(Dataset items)
+ + + + + + +
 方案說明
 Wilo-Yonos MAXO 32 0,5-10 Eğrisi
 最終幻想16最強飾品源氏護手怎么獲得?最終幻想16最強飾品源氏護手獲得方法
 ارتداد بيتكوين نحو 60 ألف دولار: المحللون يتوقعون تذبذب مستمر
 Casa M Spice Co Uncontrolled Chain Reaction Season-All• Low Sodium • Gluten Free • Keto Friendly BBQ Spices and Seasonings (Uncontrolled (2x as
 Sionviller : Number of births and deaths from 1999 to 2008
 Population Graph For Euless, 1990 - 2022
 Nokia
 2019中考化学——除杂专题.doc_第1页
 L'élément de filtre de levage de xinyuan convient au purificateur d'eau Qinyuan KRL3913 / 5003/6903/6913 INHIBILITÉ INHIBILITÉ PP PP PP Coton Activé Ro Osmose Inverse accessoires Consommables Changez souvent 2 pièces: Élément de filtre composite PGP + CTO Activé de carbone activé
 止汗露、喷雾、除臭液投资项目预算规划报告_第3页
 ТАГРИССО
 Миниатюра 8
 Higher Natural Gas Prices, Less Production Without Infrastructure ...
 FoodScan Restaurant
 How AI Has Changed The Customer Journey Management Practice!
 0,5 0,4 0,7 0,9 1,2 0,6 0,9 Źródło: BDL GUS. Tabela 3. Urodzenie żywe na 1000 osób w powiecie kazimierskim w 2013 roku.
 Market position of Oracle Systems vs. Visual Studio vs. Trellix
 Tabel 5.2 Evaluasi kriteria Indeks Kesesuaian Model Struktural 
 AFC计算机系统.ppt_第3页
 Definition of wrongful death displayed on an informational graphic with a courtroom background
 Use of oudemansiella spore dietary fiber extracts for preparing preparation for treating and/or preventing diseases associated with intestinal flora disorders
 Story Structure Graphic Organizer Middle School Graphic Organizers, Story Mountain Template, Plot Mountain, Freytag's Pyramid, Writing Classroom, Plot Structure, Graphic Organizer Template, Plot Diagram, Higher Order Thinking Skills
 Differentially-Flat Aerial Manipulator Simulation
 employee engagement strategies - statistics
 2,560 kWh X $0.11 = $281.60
+ + + + + + +
Of the entries above, repeat exactly the lines from the line with "Sionviller : Number" through the line with "2019中考化学——除杂专题.doc_第1页", both of them included.

> [Result for this exercise]:
 Sionviller : Number of births and deaths from 1999 to 2008
 Population Graph For Euless, 1990 - 2022
 Nokia
 2019中考化学——除杂专题.doc_第1页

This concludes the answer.